As children, we remember the crestfallen feeling of coming home to find that our parents had bought store brand cereal instead of the box with our favorite cartoon character. As people get older, they learn to make more sensible decisions that are driven by personal finance, rather than a clever catchphrase or bright colors. However, everyone is susceptible to the power of strong branding, and smaller companies whose products appear in grocery stores can use appealing labels to compete with generic alternatives. 

Private label products at supermarket giants are produced en masse, so markdowns make it difficult for specialty makers to compete. A jar of gourmet olives may cost $16, while the supermarket version costs less than five. What customers who invest in premium food products believe is that their money buys a richer alternative. But courting shoppers away from the massive savings from buying store brands can be challenging for small brands. 

In October, a report by Deloitte found that nine in 10 Americans were substituting some of their favorite name brand groceries for the store brand option.

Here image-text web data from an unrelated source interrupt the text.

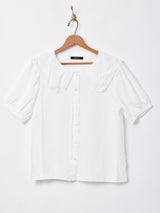 ビッグカラー 半袖ブラウス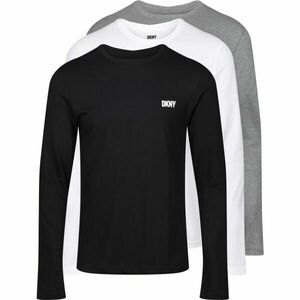 DKNY WARRIOR Tricou cu mânecă lungă pentru bărbați, negru, mărime imagine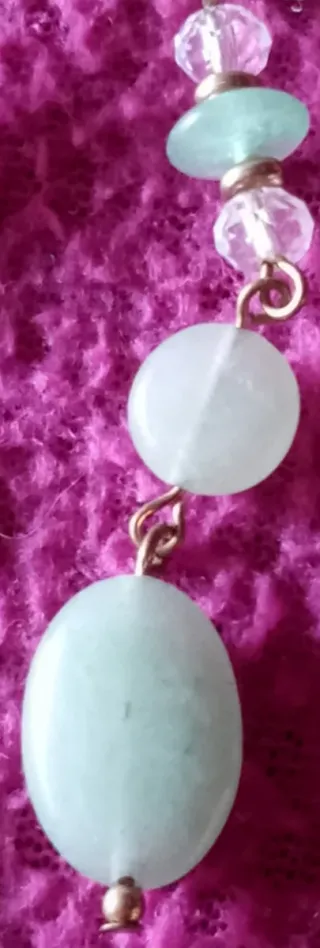 2 PARES DE PENDIENTES CON PERLAS Y PIEDRAS:1X1,5€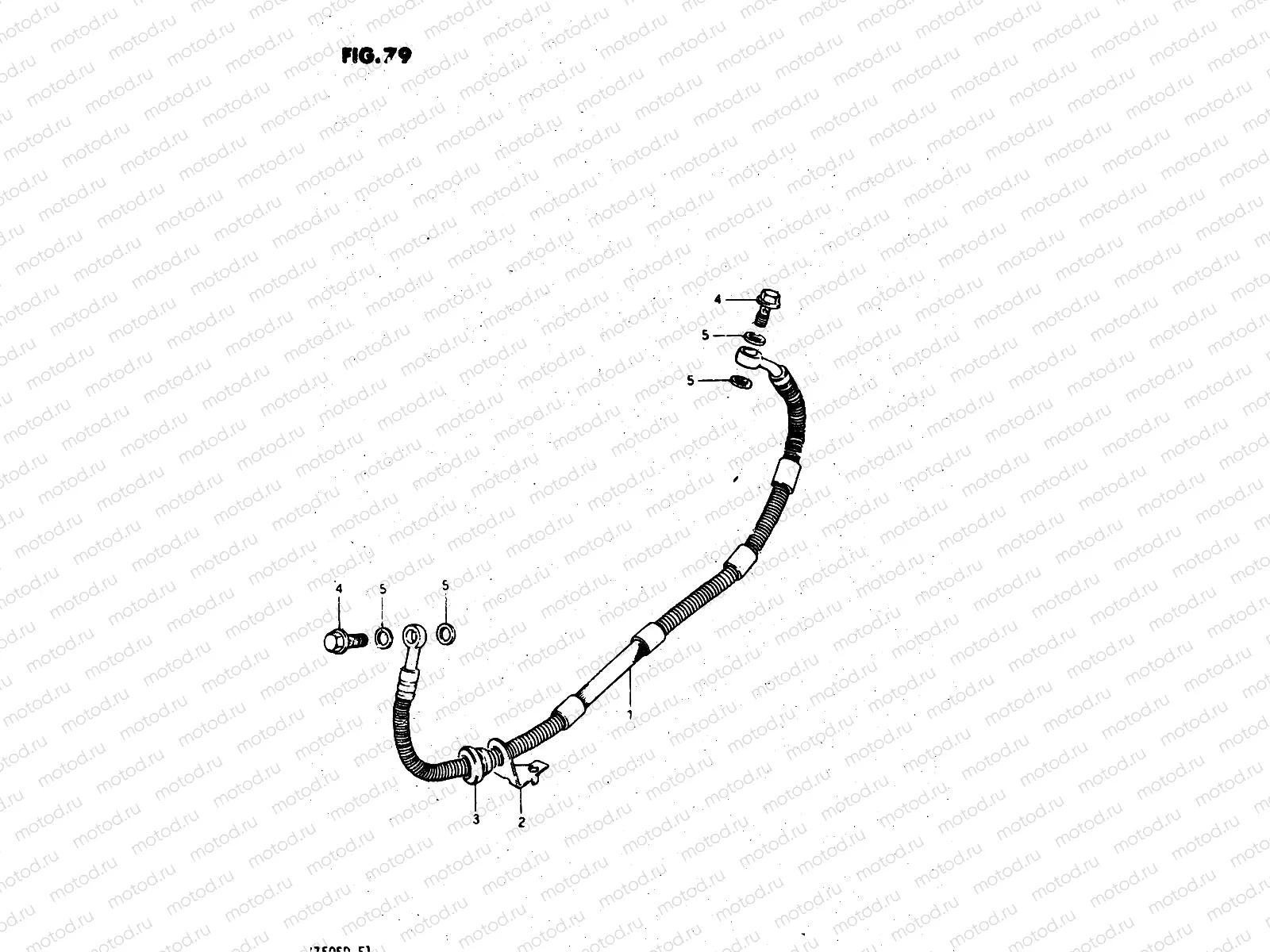 79 - REAR BRAKE HOSE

This is partially due to creative presentation efforts that supermarkets have made to revamp packaging and diversify offerings. With the largest market share they've ever sported, those private-label brands have grown in popularity and consumer habits. Media Post said that third parties can compete with private labels by getting creative. 

"Brands must find new ways to reinforce loyalty," writes Susan Frech. "The ones that are most likely to succeed are those that create a positive consumer experience around their brands during the entire length of their relationship with consumers.

Appealing custom printed labels can win customers with their depth of information, attractive design and evocation of a premium experience.